NHTSA’s process stopped with the focus groups. Once the rollover resistance ratings had been prepared for dissemination to the public, the agency did not conduct any large-scale formal testing of its information products. Furthermore, NHTSA has not surveyed consumers to determine whether the published ratings are influencing their vehicle purchase decisions, and the committee could not find analogous surveys by the industry.
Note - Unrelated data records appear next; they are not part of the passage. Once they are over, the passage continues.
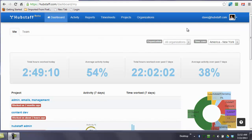Hi, this is Dave with Hubstaff. I wanted to briefly go over with you what you as a manager or an owner need to know regarding Hubstaff in order to get the most benefit from it.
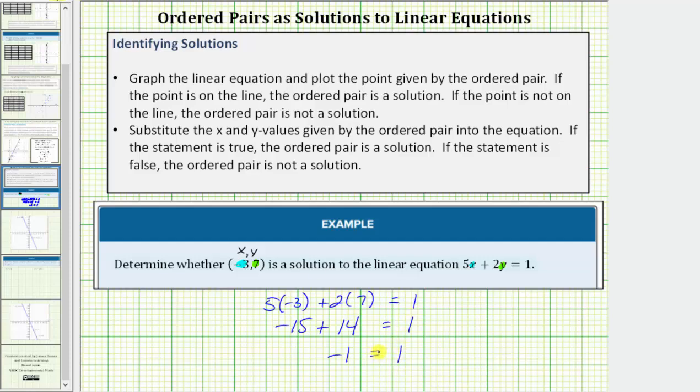Negative one does not equal positive one. And therefore, the ordered pair negative three comma seven is not a solution.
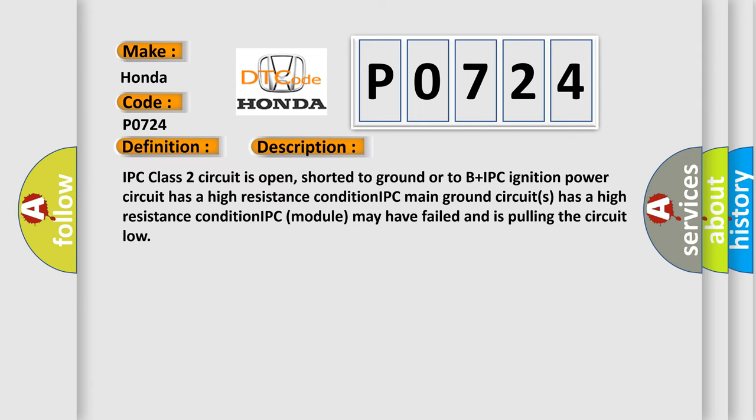IPC class 2 circuit is open, shorted to ground or to B plus IPC ignition power circuit has a high resistance condition. IPC main ground circuits has a high resistance condition. IPC module may have failed and is pulling the circuit low.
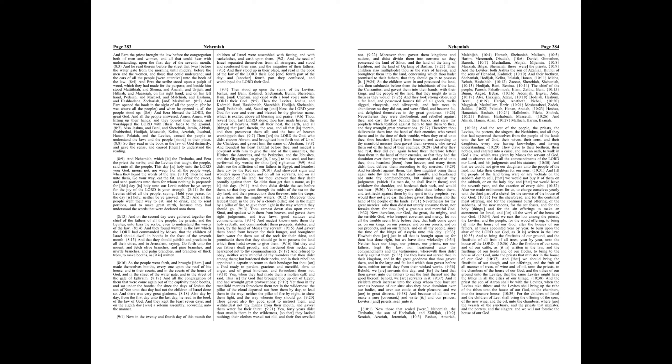And Nehemiah, which is the Tirshatha, and Ezra the priest the scribe, and the Levites that taught the people, said unto all the people, This day is holy unto the Lord your God, mourn not, nor weep. For all the people wept, when they heard the words of the law. Then he said unto them, Go your way, eat the fat, and drink the sweet, and send portions unto them for whom nothing is prepared. For this day is holy unto our Lord, neither be ye sorry, for the joy of the Lord is your strength. So the Levites stilled all the people, saying, Hold your peace, for the day is holy, neither be ye grieved.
Comparison of NHTSA’s Process with Recommended Practices and Criteria of Demonstrated Validity
Comparison of communications against standard evaluation criteria provides some basis for judgment of the communications’ quality, even though such assessments cannot replace appropriate user-based evaluation (Schriver 1996). In the absence of empirical data on consumer behaviors, therefore, the committee compared NHTSA’s process with the recommended practices discussed above and identified three important areas of concern: (1) over-reliance on focus groups, (2) the lack of an iterative design process, and (3) the absence of formal testing of consumer information. Evaluation of the agency’s rollover resistance ratings relative to the criteria for good summary measures identified in Shopping for Safety (TRB 1996, p. 110) also revealed some areas for improvement.
Use of Focus Groups
Researchers originally created focus groups as a means of fleshing out hypotheses (Merton 1987; Merton and Kendall 1946; Merton et al. 1956, 1990). While collecting focus group data is a first step in developing consumer information, such studies by themselves cannot reveal much more than group knowledge of an issue. Consequently, overreliance on focus groups can be problematic.5
Focus groups by themselves are not able to provide sufficient evidence to support reliable conclusions about what consumers know or believe about rollover risk, or whether the ratings are meaningful, easy to interpret and understand, and unambiguous for the public. According to recommended practices for developing consumer information, structured, open-ended interviews with a representative sample of consumers would be a better way to determine consumers’ beliefs about vehicle safety and rollover. Similarly, consumers’ understanding of proposed summary measures and supporting text might be assessed with equal or more effectiveness using one-on-one interviews or written questionnaires to determine individual responses, instead of gauging collective knowledge by means of focus groups. Additionally, as noted above, the focus group studies suffered from design flaws that further limited their usefulness (e.g., no systematic variation of variables, use of sequential evaluations susceptible to bias).
Iterative Design Process
An effective communication process requires iteration so that information can be tested, refined, and retested. Even though the star presentation emerged as the best overall concept in NHTSA’s first set of focus groups (Equals Three Communications 1999b), the participants also provided an alternative presentation (tilted-vehicle icon and numeric rating) and suggested that SSF and the rollover information presented were not well understood. NHTSA did not explore the alternative presentation or further iterate between design and evaluation. The second set of focus groups (Equals Three Communications 2000) examined the understandability of the five-star rating system selected by NHTSA, as well as two alternative explanatory texts. Almost all participants in these focus groups understood that “more stars are better,” but the consumer comments indicated that the explanatory text could have been improved. For example, many participants found the ratings not sufficiently comprehensive, lacking reference to driver behavior and driving conditions,
and some participants would have liked more information on how to avoid a rollover crash.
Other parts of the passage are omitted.